_Available records_:
○ ○ ○ ○ ○ ○ ○

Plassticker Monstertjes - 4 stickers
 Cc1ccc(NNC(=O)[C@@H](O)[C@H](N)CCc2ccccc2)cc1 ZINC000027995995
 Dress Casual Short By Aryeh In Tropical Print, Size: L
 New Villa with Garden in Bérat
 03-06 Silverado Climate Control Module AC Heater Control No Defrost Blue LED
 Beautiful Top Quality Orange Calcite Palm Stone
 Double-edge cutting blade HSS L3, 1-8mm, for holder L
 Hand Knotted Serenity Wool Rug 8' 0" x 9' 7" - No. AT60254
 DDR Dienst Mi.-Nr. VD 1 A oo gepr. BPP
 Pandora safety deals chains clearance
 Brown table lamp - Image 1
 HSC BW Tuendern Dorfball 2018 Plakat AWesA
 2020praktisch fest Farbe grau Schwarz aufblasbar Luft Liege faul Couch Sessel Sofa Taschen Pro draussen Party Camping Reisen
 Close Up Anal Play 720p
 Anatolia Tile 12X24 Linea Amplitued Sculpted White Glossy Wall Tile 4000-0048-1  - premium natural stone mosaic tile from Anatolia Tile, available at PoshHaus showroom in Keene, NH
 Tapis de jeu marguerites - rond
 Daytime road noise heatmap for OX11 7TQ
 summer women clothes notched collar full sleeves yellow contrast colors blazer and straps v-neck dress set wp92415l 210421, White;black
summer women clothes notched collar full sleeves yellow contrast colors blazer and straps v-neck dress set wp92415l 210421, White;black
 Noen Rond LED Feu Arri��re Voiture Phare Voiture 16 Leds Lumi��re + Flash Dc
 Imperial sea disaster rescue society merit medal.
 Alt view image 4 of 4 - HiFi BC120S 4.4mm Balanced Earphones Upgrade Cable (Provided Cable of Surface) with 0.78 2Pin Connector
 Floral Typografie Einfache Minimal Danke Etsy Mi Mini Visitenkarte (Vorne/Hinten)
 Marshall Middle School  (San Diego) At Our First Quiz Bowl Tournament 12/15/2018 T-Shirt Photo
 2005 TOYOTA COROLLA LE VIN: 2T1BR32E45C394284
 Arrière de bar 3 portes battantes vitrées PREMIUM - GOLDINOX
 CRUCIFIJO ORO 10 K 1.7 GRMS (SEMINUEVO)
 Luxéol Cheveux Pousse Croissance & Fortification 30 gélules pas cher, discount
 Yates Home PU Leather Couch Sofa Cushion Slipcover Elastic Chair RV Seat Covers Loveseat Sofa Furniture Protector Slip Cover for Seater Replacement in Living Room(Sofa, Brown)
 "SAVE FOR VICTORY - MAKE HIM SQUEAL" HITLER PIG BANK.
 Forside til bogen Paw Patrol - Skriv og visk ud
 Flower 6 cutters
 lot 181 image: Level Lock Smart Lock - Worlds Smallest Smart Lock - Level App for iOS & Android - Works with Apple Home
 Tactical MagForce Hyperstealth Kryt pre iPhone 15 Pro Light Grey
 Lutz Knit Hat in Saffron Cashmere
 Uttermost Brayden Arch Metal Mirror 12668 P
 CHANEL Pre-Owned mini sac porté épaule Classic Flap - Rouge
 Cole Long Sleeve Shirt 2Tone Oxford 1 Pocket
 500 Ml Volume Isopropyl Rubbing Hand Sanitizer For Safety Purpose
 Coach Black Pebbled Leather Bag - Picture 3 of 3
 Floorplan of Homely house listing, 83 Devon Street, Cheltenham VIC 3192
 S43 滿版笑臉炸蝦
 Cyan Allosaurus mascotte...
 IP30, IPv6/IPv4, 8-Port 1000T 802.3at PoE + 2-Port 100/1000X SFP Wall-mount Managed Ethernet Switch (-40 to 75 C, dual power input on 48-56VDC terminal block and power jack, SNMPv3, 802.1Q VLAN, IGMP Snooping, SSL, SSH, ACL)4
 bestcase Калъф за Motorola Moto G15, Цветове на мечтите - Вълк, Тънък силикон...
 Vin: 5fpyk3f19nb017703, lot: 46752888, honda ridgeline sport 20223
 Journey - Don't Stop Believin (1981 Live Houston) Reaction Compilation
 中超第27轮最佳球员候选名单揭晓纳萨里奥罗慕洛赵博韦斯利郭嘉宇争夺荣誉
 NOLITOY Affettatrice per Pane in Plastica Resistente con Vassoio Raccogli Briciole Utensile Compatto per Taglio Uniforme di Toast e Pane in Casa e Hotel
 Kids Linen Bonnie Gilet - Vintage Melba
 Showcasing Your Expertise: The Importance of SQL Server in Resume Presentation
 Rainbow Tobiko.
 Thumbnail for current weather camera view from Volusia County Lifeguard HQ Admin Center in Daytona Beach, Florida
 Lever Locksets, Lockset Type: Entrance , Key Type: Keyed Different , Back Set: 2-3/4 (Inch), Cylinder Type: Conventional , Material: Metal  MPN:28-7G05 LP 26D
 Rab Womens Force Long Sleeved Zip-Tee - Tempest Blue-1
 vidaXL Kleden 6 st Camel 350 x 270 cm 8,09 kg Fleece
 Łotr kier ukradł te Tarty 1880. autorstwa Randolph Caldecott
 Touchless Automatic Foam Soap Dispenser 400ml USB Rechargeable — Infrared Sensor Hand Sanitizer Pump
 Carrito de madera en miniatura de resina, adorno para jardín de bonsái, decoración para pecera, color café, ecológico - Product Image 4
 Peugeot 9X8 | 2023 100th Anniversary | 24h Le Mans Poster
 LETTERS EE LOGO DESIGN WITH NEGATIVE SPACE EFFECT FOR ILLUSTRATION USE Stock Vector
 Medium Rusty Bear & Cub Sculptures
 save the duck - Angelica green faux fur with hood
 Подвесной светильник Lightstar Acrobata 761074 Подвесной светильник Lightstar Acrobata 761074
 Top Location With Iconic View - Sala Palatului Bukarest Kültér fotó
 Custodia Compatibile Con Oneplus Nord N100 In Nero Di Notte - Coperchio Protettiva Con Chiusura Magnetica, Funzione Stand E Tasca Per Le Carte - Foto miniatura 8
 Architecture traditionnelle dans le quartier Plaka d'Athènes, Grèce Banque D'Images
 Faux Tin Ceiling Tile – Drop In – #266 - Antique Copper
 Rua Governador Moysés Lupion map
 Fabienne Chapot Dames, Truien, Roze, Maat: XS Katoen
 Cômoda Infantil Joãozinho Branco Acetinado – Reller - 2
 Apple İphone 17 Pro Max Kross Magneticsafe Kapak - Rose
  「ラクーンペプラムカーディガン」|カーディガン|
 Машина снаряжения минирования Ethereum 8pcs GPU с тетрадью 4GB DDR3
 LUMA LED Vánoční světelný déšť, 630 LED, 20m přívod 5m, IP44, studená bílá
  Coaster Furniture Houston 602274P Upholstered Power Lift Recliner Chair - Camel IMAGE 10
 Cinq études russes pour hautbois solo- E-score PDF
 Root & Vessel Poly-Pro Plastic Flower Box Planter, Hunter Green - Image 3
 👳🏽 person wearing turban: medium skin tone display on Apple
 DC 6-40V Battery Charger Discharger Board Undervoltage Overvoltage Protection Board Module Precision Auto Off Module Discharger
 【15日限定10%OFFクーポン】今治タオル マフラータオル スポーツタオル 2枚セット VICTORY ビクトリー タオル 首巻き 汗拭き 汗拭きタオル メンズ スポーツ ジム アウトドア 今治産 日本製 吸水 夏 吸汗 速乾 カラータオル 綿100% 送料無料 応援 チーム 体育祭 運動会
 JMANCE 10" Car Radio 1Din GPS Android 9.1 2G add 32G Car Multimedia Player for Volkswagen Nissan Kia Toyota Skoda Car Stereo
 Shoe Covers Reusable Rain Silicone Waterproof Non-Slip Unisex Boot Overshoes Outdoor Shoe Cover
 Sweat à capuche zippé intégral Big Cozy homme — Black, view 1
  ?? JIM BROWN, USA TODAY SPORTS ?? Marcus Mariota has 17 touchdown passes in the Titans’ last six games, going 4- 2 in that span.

○ ○ ○ ○ ○ ○ ○

_Your assignment_: Return every record, word for word.

_Solution for this task_:
Plassticker Monstertjes - 4 stickers
 Cc1ccc(NNC(=O)[C@@H](O)[C@H](N)CCc2ccccc2)cc1 ZINC000027995995
 Dress Casual Short By Aryeh In Tropical Print, Size: L
 New Villa with Garden in Bérat
 03-06 Silverado Climate Control Module AC Heater Control No Defrost Blue LED
 Beautiful Top Quality Orange Calcite Palm Stone
 Double-edge cutting blade HSS L3, 1-8mm, for holder L
 Hand Knotted Serenity Wool Rug 8' 0" x 9' 7" - No. AT60254
 DDR Dienst Mi.-Nr. VD 1 A oo gepr. BPP
 Pandora safety deals chains clearance
 Brown table lamp - Image 1
 HSC BW Tuendern Dorfball 2018 Plakat AWesA
 2020praktisch fest Farbe grau Schwarz aufblasbar Luft Liege faul Couch Sessel Sofa Taschen Pro draussen Party Camping Reisen
 Close Up Anal Play 720p
 Anatolia Tile 12X24 Linea Amplitued Sculpted White Glossy Wall Tile 4000-0048-1  - premium natural stone mosaic tile from Anatolia Tile, available at PoshHaus showroom in Keene, NH
 Tapis de jeu marguerites - rond
 Daytime road noise heatmap for OX11 7TQ
 summer women clothes notched collar full sleeves yellow contrast colors blazer and straps v-neck dress set wp92415l 210421, White;black
summer women clothes notched collar full sleeves yellow contrast colors blazer and straps v-neck dress set wp92415l 210421, White;black
 Noen Rond LED Feu Arri��re Voiture Phare Voiture 16 Leds Lumi��re + Flash Dc
 Imperial sea disaster rescue society merit medal.
 Alt view image 4 of 4 - HiFi BC120S 4.4mm Balanced Earphones Upgrade Cable (Provided Cable of Surface) with 0.78 2Pin Connector
 Floral Typografie Einfache Minimal Danke Etsy Mi Mini Visitenkarte (Vorne/Hinten)
 Marshall Middle School  (San Diego) At Our First Quiz Bowl Tournament 12/15/2018 T-Shirt Photo
 2005 TOYOTA COROLLA LE VIN: 2T1BR32E45C394284
 Arrière de bar 3 portes battantes vitrées PREMIUM - GOLDINOX
 CRUCIFIJO ORO 10 K 1.7 GRMS (SEMINUEVO)
 Luxéol Cheveux Pousse Croissance & Fortification 30 gélules pas cher, discount
 Yates Home PU Leather Couch Sofa Cushion Slipcover Elastic Chair RV Seat Covers Loveseat Sofa Furniture Protector Slip Cover for Seater Replacement in Living Room(Sofa, Brown)
 "SAVE FOR VICTORY - MAKE HIM SQUEAL" HITLER PIG BANK.
 Forside til bogen Paw Patrol - Skriv og visk ud
 Flower 6 cutters
 lot 181 image: Level Lock Smart Lock - Worlds Smallest Smart Lock - Level App for iOS & Android - Works with Apple Home
 Tactical MagForce Hyperstealth Kryt pre iPhone 15 Pro Light Grey
 Lutz Knit Hat in Saffron Cashmere
 Uttermost Brayden Arch Metal Mirror 12668 P
 CHANEL Pre-Owned mini sac porté épaule Classic Flap - Rouge
 Cole Long Sleeve Shirt 2Tone Oxford 1 Pocket
 500 Ml Volume Isopropyl Rubbing Hand Sanitizer For Safety Purpose
 Coach Black Pebbled Leather Bag - Picture 3 of 3
 Floorplan of Homely house listing, 83 Devon Street, Cheltenham VIC 3192
 S43 滿版笑臉炸蝦
 Cyan Allosaurus mascotte...
 IP30, IPv6/IPv4, 8-Port 1000T 802.3at PoE + 2-Port 100/1000X SFP Wall-mount Managed Ethernet Switch (-40 to 75 C, dual power input on 48-56VDC terminal block and power jack, SNMPv3, 802.1Q VLAN, IGMP Snooping, SSL, SSH, ACL)4
 bestcase Калъф за Motorola Moto G15, Цветове на мечтите - Вълк, Тънък силикон...
 Vin: 5fpyk3f19nb017703, lot: 46752888, honda ridgeline sport 20223
 Journey - Don't Stop Believin (1981 Live Houston) Reaction Compilation
 中超第27轮最佳球员候选名单揭晓纳萨里奥罗慕洛赵博韦斯利郭嘉宇争夺荣誉
 NOLITOY Affettatrice per Pane in Plastica Resistente con Vassoio Raccogli Briciole Utensile Compatto per Taglio Uniforme di Toast e Pane in Casa e Hotel
 Kids Linen Bonnie Gilet - Vintage Melba
 Showcasing Your Expertise: The Importance of SQL Server in Resume Presentation
 Rainbow Tobiko.
 Thumbnail for current weather camera view from Volusia County Lifeguard HQ Admin Center in Daytona Beach, Florida
 Lever Locksets, Lockset Type: Entrance , Key Type: Keyed Different , Back Set: 2-3/4 (Inch), Cylinder Type: Conventional , Material: Metal  MPN:28-7G05 LP 26D
 Rab Womens Force Long Sleeved Zip-Tee - Tempest Blue-1
 vidaXL Kleden 6 st Camel 350 x 270 cm 8,09 kg Fleece
 Łotr kier ukradł te Tarty 1880. autorstwa Randolph Caldecott
 Touchless Automatic Foam Soap Dispenser 400ml USB Rechargeable — Infrared Sensor Hand Sanitizer Pump
 Carrito de madera en miniatura de resina, adorno para jardín de bonsái, decoración para pecera, color café, ecológico - Product Image 4
 Peugeot 9X8 | 2023 100th Anniversary | 24h Le Mans Poster
 LETTERS EE LOGO DESIGN WITH NEGATIVE SPACE EFFECT FOR ILLUSTRATION USE Stock Vector
 Medium Rusty Bear & Cub Sculptures
 save the duck - Angelica green faux fur with hood
 Подвесной светильник Lightstar Acrobata 761074 Подвесной светильник Lightstar Acrobata 761074
 Top Location With Iconic View - Sala Palatului Bukarest Kültér fotó
 Custodia Compatibile Con Oneplus Nord N100 In Nero Di Notte - Coperchio Protettiva Con Chiusura Magnetica, Funzione Stand E Tasca Per Le Carte - Foto miniatura 8
 Architecture traditionnelle dans le quartier Plaka d'Athènes, Grèce Banque D'Images
 Faux Tin Ceiling Tile – Drop In – #266 - Antique Copper
 Rua Governador Moysés Lupion map
 Fabienne Chapot Dames, Truien, Roze, Maat: XS Katoen
 Cômoda Infantil Joãozinho Branco Acetinado – Reller - 2
 Apple İphone 17 Pro Max Kross Magneticsafe Kapak - Rose
  「ラクーンペプラムカーディガン」|カーディガン|
 Машина снаряжения минирования Ethereum 8pcs GPU с тетрадью 4GB DDR3
 LUMA LED Vánoční světelný déšť, 630 LED, 20m přívod 5m, IP44, studená bílá
  Coaster Furniture Houston 602274P Upholstered Power Lift Recliner Chair - Camel IMAGE 10
 Cinq études russes pour hautbois solo- E-score PDF
 Root & Vessel Poly-Pro Plastic Flower Box Planter, Hunter Green - Image 3
 👳🏽 person wearing turban: medium skin tone display on Apple
 DC 6-40V Battery Charger Discharger Board Undervoltage Overvoltage Protection Board Module Precision Auto Off Module Discharger
 【15日限定10%OFFクーポン】今治タオル マフラータオル スポーツタオル 2枚セット VICTORY ビクトリー タオル 首巻き 汗拭き 汗拭きタオル メンズ スポーツ ジム アウトドア 今治産 日本製 吸水 夏 吸汗 速乾 カラータオル 綿100% 送料無料 応援 チーム 体育祭 運動会
 JMANCE 10" Car Radio 1Din GPS Android 9.1 2G add 32G Car Multimedia Player for Volkswagen Nissan Kia Toyota Skoda Car Stereo
 Shoe Covers Reusable Rain Silicone Waterproof Non-Slip Unisex Boot Overshoes Outdoor Shoe Cover
 Sweat à capuche zippé intégral Big Cozy homme — Black, view 1
  ?? JIM BROWN, USA TODAY SPORTS ?? Marcus Mariota has 17 touchdown passes in the Titans’ last six games, going 4- 2 in that span.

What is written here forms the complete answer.